Термины закон и право употребляются в близком смысле. Важная разница между ними обнаруживается в том, что закон, как и порядок, может быть неправом[62]. Право и правосознание есть там, где каждый шаг, в том числе каждый шаг законодательства, не дожидаясь принятия закона, с самого начала уже выверяется на право-неправо[63]. Правосознание предполагает поэтому, что право – это не то, что мы с вами сейчас установим, а что есть уже до нас всегда. Право как система законов создается нами, но решаем, чтó мы вправе делать, не мы сами для себя.

Ошибка смешения права и закона проявляется в иллюзии, будто конституцию и законы всегда можно сменить или подновить. Безопасно менять или дополнять конституцию можно уже только на основе правосознания, т. е. привычки на каждом шагу сверять себя с правдой и соблюдать демократические процедуры. Постоянная выверка себя на правоту (правосознание) тут же создает правовые процедуры, в сущности исходно одну самопроверяющую правовую процедуру. Настоящие законы, т. е. правопорядок, а не утилитарный порядок, создаются внутри нее.

Особенность философских императивов, к числу которых относится обязанность следовать праву, норме, долгу, заключается в том, что они предписывают то, что так или иначе уже есть. В пространстве права мы привативно, т. е. по способу лишения, находимся и тогда, когда не решаемся в него вступить; мы пассивно открыты принуждению, а в остальное время вырабатываем в себе навыки ускользания от него. Право или неправо осуществляемое над нами принуждение, мы знать не можем, потому что не взяли на себя задачу решения. Поведение, обходящее закон, тоже тем самым подчинено закону. Слабость закона дает то преимущество, что его можно обойти, но эта выгода меньше, чем неудобство от выполнения одновременно двойной задачи, обход закона и ориентировка в беззаконном пространстве.
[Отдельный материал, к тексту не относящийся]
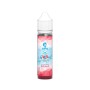 SHOT - Alfaliquid - Granita - COCOMERO - aroma 20+40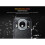 OUKITEL Global Version Oukitel WP21 Ultra Rugged Smartphone 7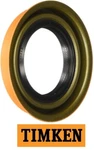 Timken 4370N Transfer Case Output Shaft Oil Seal 1984 - 2005 Jeep Wrangler Tj Yj. Fixed Price $19.95.
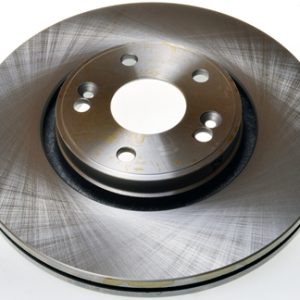 Disc frana DENCKERMANN B130156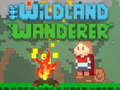 Játék Wildland Wanderer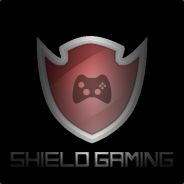 Shield Gaming E-Sport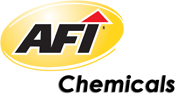 AFI Chemicals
Каждый человек занимается разным, но есть вопросы, например начинать или не начинать войну, которые одинаково касаются всех. Res publica по латыни значит общее дело. Наше слово государство имеет другую этимологию, но давно служит переводом для res publica. «Государством» называется у нас большой трактат Платона πολιτεία, в западных изданиях Respublica.

Общее собрание народа, если оно сошлось без специальной выборки и не запугано, – такое собрание в старой деревенской России называлось мир, в Новгороде и Пскове вече, в Скандинавии ting (англ. thing, нем. das Ding, вещь или дело, в смысле общее дело), – имеет то известное свойство, которое хорошо описано в книге Элиаса Канетти «Масса и власть»: спонтанно возникает установка на справедливое решение. На этом основан принцип большинства в демократии. Настоящий смысл решения большинством не тот, что пусть в ситуации разногласия недовольных будет меньше чем довольных, а тот, что по-настоящему общее собрание, где собрались если не все, то почти все, начнет поступать по справедливости. Происходит что-то вроде спонтанного саморегулирования общества.

Мы читаем в критической социологии Пьера Бурдье, что государство есть фиктивное тело. Но государство в то же время и саморегулирующееся общество. Государство как общее собрание, как res publica, как ting в конечном счете – как по крайней мере всеми предполагается, всеми от него ожидается, – будет искать и добиваться модуса бытия, отвечающего правде, не частной, твоей и моей, а правде мира. Согласиться с радикальными критиками, что самоисправление общества в ориентации на справедливость только иллюзия, было бы слишком ответственным историософским шагом. Конечно, предполагаемая безотносительная справедливость государства может быть на время нарушена, общее собрание может ошибиться, метнуться к корыстным интересам, но динамика общества такова, что со временем всё снова выравнивается и настроенность на высшую правду побеждает.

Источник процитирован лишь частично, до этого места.